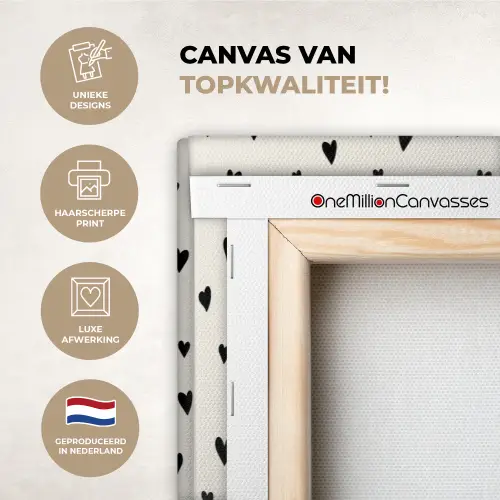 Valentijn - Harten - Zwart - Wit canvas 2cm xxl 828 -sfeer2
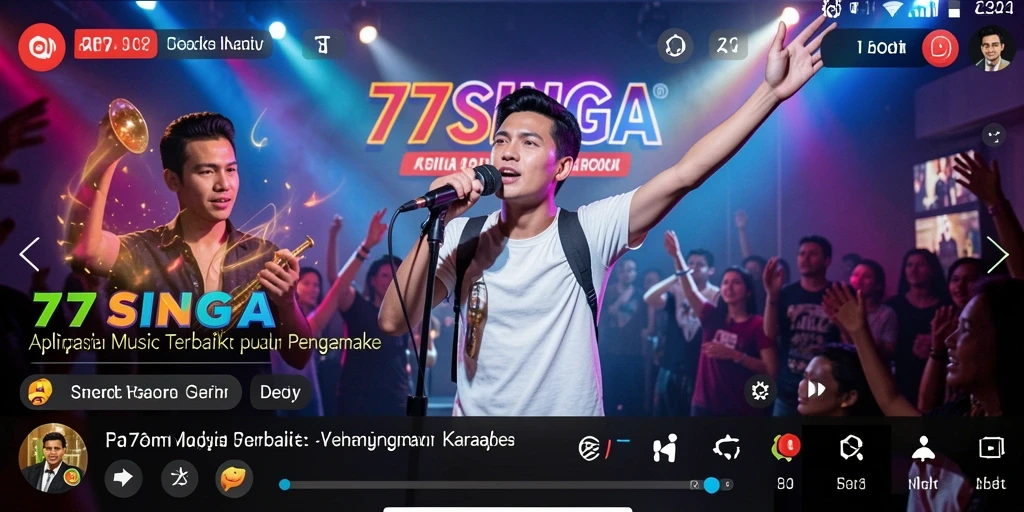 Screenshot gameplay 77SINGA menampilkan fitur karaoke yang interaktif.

-- -- --

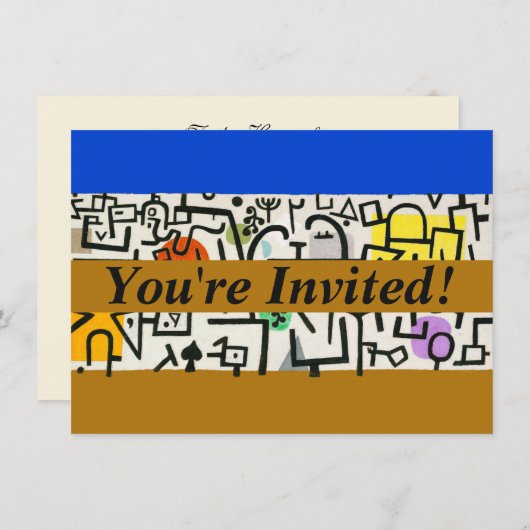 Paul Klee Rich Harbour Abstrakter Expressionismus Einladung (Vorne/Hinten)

-- -- --

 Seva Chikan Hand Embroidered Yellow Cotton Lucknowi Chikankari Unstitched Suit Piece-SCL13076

-- -- --

About this task :: From the records above, give again only the part that opens with the line containing "Valentijn - Harten" and closes with the line containing "Screenshot gameplay 77SINGA". Keep both ends but drop the pictures.

Output below ::
 Valentijn - Harten - Zwart - Wit canvas 2cm xxl 828 -sfeer2
 Screenshot gameplay 77SINGA menampilkan fitur karaoke yang interaktif.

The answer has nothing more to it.